Was ist an diesem Tag geplant?
Wir starten um 9 Uhr mit einer kurzen Begrüßung. Im Anschluss werden die Wachtmeister eine Sicherheitskontrolle simulieren. Den ganzen Tag über wird es Vorträge zu Themen wie „Aufbau der Justiz“ und „Digitalisierung“ geben. Ein junger Richter wird aus seinem Berufsalltag erzählen. Außerdem können sich Schüler über Karrierechancen in der Justiz informieren. Hierfür wird es Infostände geben, an denen Kollegen aus allen Bereichen des Amtsgerichtes für Fragen zur Verfügung stehen.
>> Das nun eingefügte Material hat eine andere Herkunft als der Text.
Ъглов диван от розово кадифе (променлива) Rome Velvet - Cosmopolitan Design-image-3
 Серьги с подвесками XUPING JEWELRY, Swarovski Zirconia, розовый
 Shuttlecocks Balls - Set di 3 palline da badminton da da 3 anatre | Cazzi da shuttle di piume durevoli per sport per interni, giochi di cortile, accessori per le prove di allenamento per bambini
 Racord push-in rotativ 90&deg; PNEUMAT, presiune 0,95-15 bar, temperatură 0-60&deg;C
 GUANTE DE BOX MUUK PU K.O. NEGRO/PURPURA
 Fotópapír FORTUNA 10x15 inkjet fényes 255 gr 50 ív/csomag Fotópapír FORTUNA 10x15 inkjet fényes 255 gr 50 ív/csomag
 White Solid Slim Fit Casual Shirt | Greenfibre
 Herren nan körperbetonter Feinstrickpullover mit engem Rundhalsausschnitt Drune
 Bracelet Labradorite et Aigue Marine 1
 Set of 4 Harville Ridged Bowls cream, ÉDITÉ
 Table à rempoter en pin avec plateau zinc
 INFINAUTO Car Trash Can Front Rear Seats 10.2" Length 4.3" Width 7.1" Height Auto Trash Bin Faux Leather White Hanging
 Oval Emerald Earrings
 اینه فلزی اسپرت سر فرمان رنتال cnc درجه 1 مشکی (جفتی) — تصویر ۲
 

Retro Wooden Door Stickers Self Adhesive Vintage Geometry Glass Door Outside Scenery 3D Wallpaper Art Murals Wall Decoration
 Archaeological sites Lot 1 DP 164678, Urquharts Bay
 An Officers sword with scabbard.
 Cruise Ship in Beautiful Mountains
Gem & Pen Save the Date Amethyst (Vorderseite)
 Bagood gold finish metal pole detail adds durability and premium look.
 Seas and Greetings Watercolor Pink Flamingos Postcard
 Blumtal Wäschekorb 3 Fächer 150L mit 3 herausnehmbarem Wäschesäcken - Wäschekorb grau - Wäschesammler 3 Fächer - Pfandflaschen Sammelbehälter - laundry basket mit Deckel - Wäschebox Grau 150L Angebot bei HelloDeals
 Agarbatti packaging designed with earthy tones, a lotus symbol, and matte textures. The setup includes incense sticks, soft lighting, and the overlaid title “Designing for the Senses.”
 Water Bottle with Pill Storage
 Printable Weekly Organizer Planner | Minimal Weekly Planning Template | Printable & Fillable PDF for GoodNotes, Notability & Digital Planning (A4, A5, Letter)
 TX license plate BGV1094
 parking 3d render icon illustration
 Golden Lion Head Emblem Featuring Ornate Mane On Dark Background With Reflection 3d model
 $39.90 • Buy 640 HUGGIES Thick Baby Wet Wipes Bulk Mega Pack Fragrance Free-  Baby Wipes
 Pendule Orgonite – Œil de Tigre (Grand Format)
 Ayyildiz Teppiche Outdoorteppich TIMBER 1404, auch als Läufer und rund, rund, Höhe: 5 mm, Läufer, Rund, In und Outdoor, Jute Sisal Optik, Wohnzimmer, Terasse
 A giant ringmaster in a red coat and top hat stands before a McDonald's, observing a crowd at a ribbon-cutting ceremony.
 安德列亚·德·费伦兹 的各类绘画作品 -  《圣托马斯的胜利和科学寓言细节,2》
In der Justiz gibt es vielfältige Tätigkeitsfelder, angefangen über die Wachtmeister, ohne die keine Sicherheit gewährleistet wäre, über Mitarbeiter der Serviceeinheiten, Gerichtsvollzieher bis hin zu IT-Fachleuten, die für unsere Arbeit immer wichtiger werden. Besonders das Berufsbild des Rechtspflegers ist noch weithin unbekannt, was schade ist. Denn Rechtspfleger treffen ähnlich wie Richter selbstständig Entscheidungen und sind nicht weisungsgebunden, sondern nur dem Gesetz unterworfen. Rechtspflege ist ein eigener dualer Studiengang, verbunden mit einer Praxisausbildung an Gerichten und bei der Staatsanwaltschaft. Auch hierüber werden wir beim Tag der offenen Tür informieren.
Am Nachmittag werden die beiden Bezirksnotare Vorträge zum Thema „Schenken oder vererben“ sowie zum Thema „Vorsorgevollmacht“ halten. Außerordentlich freuen wir uns an diesem Tag auch über einen Besuch von Landesjustizminister Philipp Fernis.
Sie sagen, das Ziel ist, den Menschen die Arbeit der Justiz als eine Säule der Rechtsstaatlichkeit näherzubringen. Sehen Sie diesen Rechtsstaat aktuell besonders herausgefordert?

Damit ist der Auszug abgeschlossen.